Ayurvedische Psychotherapie und die Trigunas Sattva, Rajas und Tamas

02.02.2009 | von Nathalie Neuhäusser Während im Ayurveda in der Regel das größte Gewicht auf die drei Bioenergien (Doshas) Vata, Pitta und Kapha gelegt wird, sind für die Erforschung, Diagnose und Heilung des Geistes die Trigunas Sattva, Rajas und Tamas von größerer Bedeutung. Die Trigunas (tri= drei, guna= Eigenschaft) bezeichnen die drei geistigen Qualitäten, die im Menschen, so wie im ganzen Universum wirksam sind. Ayurveda und Yoga gehen davon aus, dass alles Sichtbare und Materielle seinen Ursprung im Geistigen hat. Gemäß der ayurvedischen Samkhya-Philosophie liegen diese drei Urkräfte allen Evolutionsvorgängen zugrunde. Sie bilden und formen die fünf Elemente, aber auch unseren Verstand, unser Ich-Bewusstsein und unseren Geist.

 

Jede Form von Materie sowie die geistig-mentale Konstitution des Menschen haben ihren Ursprung in den Qualitäten Sattva, Rajas und Tamas. Die Trigunas sind Urprinzipien aus denen heraus sich der Schöpfungsakt vollzieht. Während unsere körperliche Konstitution unveränderlich ist und uns ein Leben lang zu eigen ist, können wir unsere geistige Konstitution bzw. die vorherrschende geistige Qualität beeinflussen und verändern.

Gut ist die Beharrlichkeit, mit der ein Mensch
seine Herzschläge, seinen Lebensatem,
die Bewegung seiner Sinne beherrscht,
gefestigt in unerschütterlichem Glauben und Vertrauen:
Das ist Sattva, Prinz, beständig und wahrhaft!

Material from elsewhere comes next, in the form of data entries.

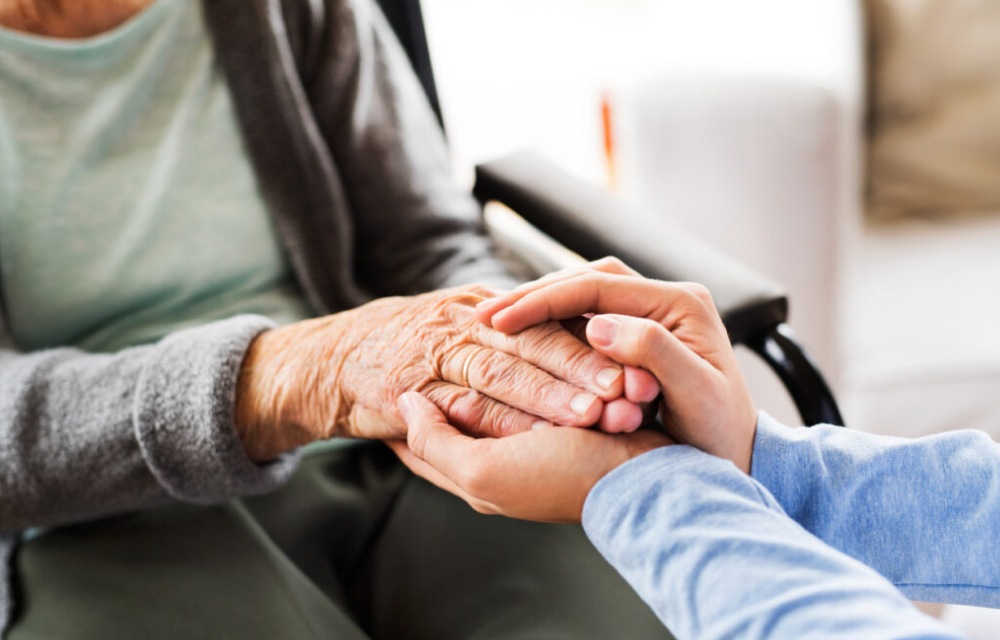 Unrecognizable,Health,Visitor,And,A,Senior,Woman,During,Home,Vis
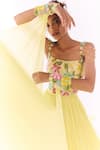 Show Shaa_Yellow Chiffon, Net Embroidery, Sequins, Floral Corset And Pleated Skirt Set _Online_at_Aza_Fashions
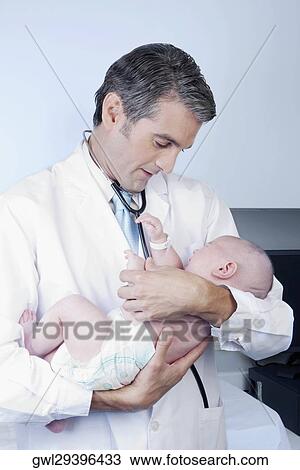 Doctor carrying a newborn baby View Large Photo Image Stock Image - Doctor carrying a newborn baby. Fotosearch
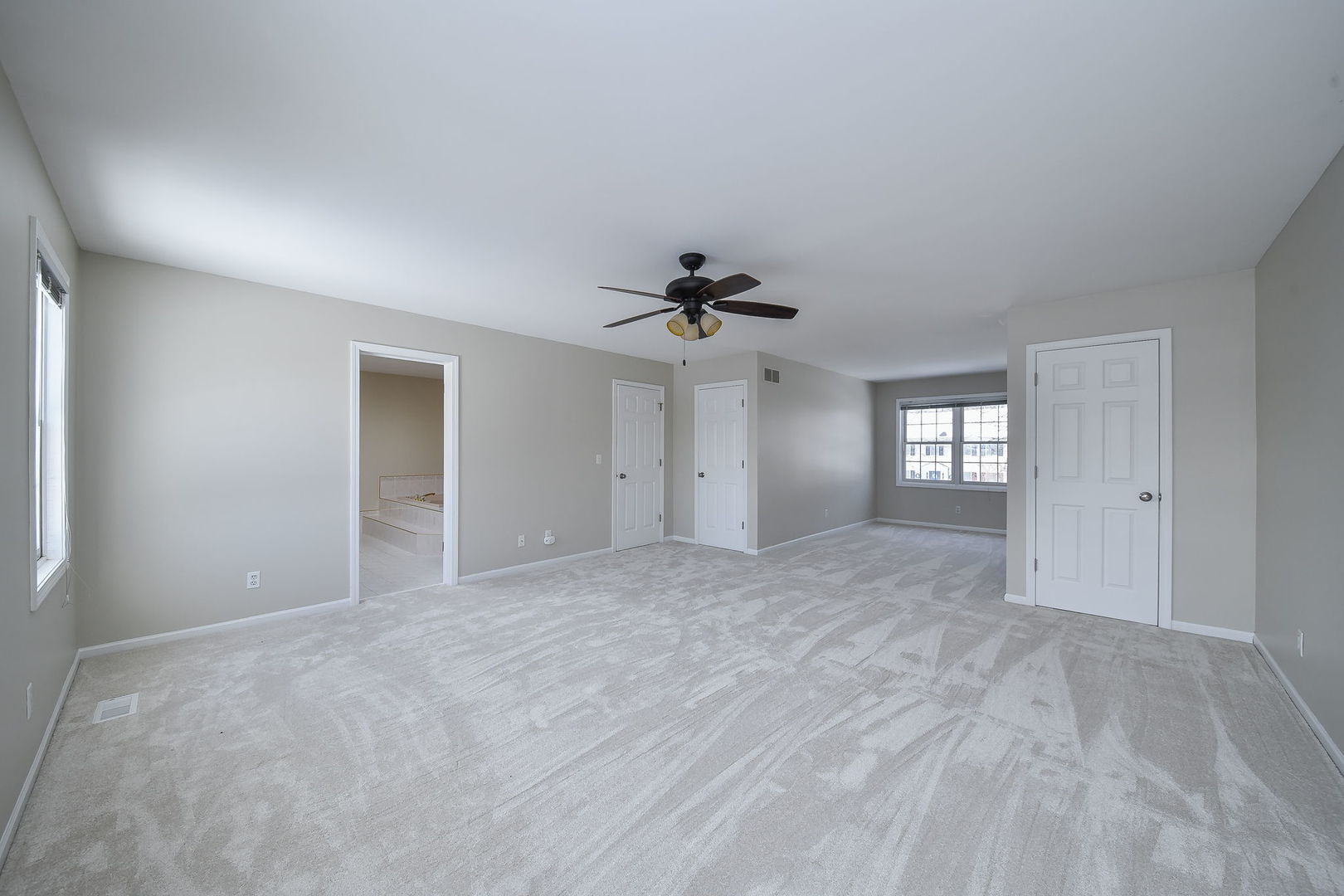 389 Colonial Circle Geneva, IL 60134 - Photo 13 of 25 a view of a big room with windows and ceiling fan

Befleckt ist die Beharrlichkeit, wodurch ein Mensch
an seiner Pflicht, Absicht, Anstrengung, an seinem Ziel festhält
um seines Lebens und um der Liebe der Götter willen:
Arjuna, das ist Rajas, von Leidenschaft geprägt!

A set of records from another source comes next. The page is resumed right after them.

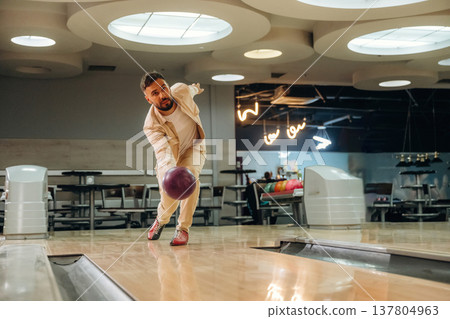 Throwing the ball. Man is playing bowling indoors 137804963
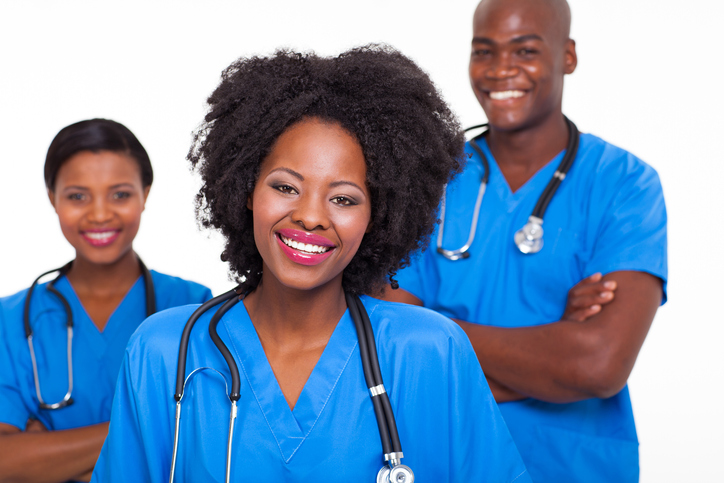 Three people in blue scrubs with stethoscopes standing together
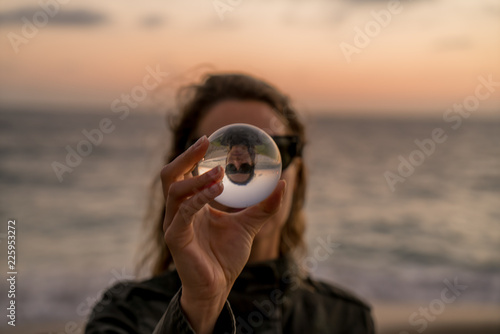 Girl holding a lens ball on the beach at sunset time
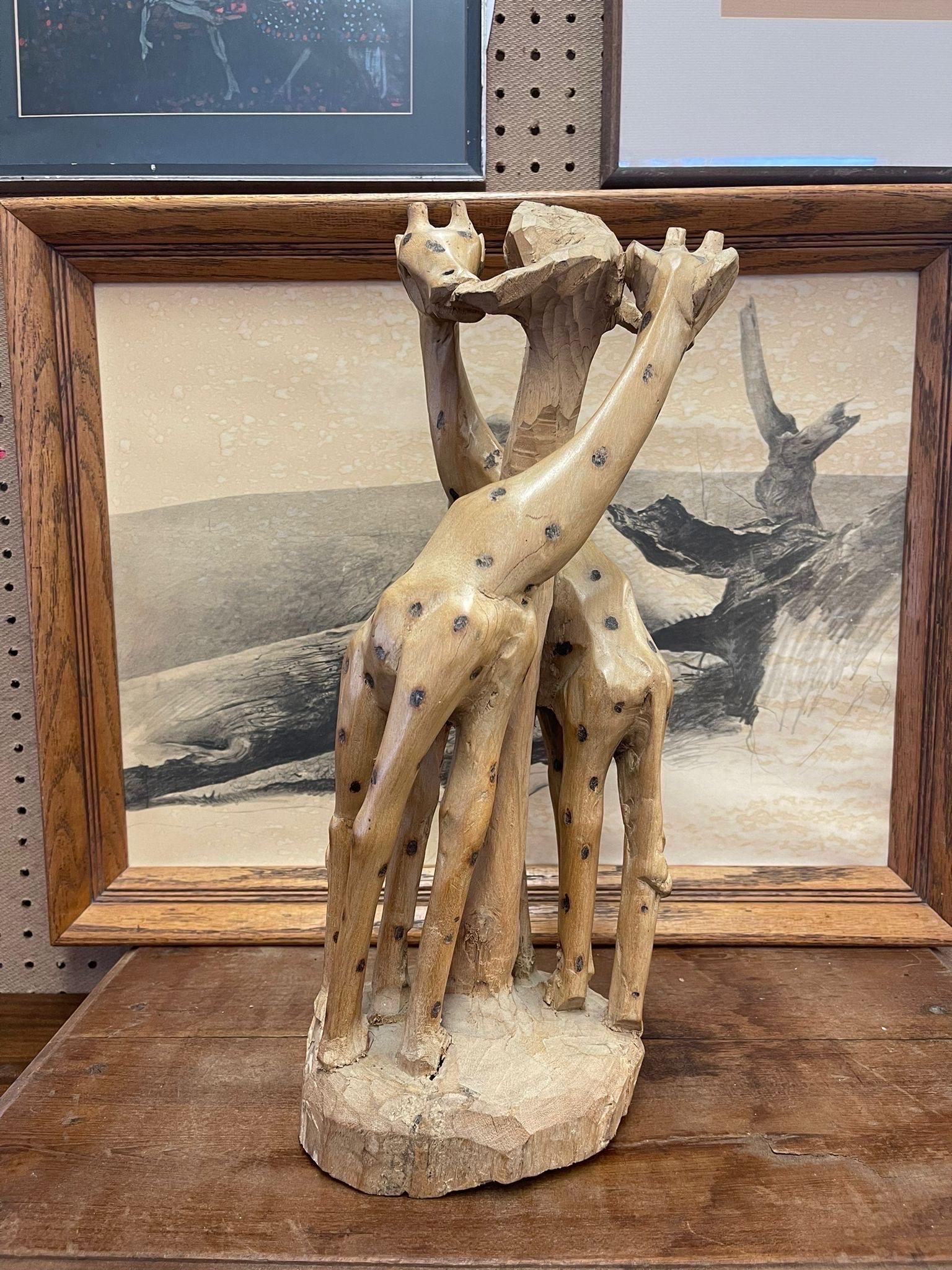 This Vintage Piece Features Two Carved Giraffes Circling a Tree. Rustic Design. The Spots Appear to Have Been Intentionally Burnt into the Giraffes. Vintage Condition Consistent with Age as Pictured.

Dimensions. 6 W ; 6 D ; 20 H
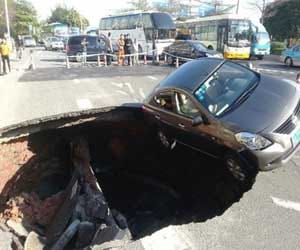 car inside sinkhole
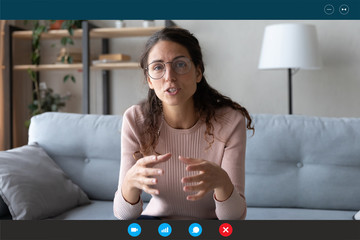 35s female teacher teach by video call explain educational material to trainee distantly seated on couch in living room at home. Friends communicating use videoconference app concept, pc screen view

Traurig ist die Beharrlichkeit, womit der Narr
haftet an seiner Trägheit, seiner Sorge und seinen Ängsten,
an seiner Torheit und Verzweiflung.
Dies, Prishta, Sohn, entsteht aus Tamas, dunkel und elend!

(Sir Edwin Arnold: The Song Celestial or Bhagavad Gita, 1989, S.153)

 

Die Qualität Tamas

Tamas steht für Dunkelheit, Unbewusstheit und Trägheit. Dabei symbolisiert Tamas die Materie in ihrer grobstofflichsten Form. Tamas wird im Ayurveda als jene Qualität begriffen, die den Geist verwirrt, ihn an irdische Dinge anhaften läßt und ihn in einen Zustand der Unwissenheit und Unbewusstheit versetzt. Aus diesem Mangel an Erkenntnisfähigkeit und spirituellem Bewusstsein entsteht alles Leid des Menschen.
Auf psychologischer Ebene bringt uns Tamas dazu, Traumata und ungeliebte Zustände zu verdrängen. Hier schlummern sie unter der Oberfläche und vergiften den Menschen langsam körperlich, wie seelisch.

Tamas ist jene Energie, die der Wahrhaftigkeit und Erkenntnis entgegen steht, sie führt zu Selbstlügen und einer verzerrten oder beschränkten Sicht der Wirklichkeit. Tamas verdunkelt den Geist und versetzt ihn in einen Zustand der Trägheit und Schwere, aus dem heraus es schwer fällt, Veränderungen einzuleiten.
Wenn in einem Menschen Tamas überwiegt, so belügt er sich unter Umständen über längere Zeit hinweg selbst und lebt in einer selbsterschaffenen Scheinwelt, weil ihm diese als bequem erscheint. Wäre er dazu bereit, die wahre Beschaffenheit der Wirklichkeit zu betrachten, würde dies unumgänglich die Notwendigkeit einer inneren und äußeren Veränderung offen legen. Daher halten Menschen gerne an alten Situationen, Mustern oder Gedankengewohnheiten fest. Auch wenn ein Mensch mit äußerster Brutalität und Grausamkeit handelt - sich selbst oder anderen gegenüber - wird sein Geist von Tamas beherrscht.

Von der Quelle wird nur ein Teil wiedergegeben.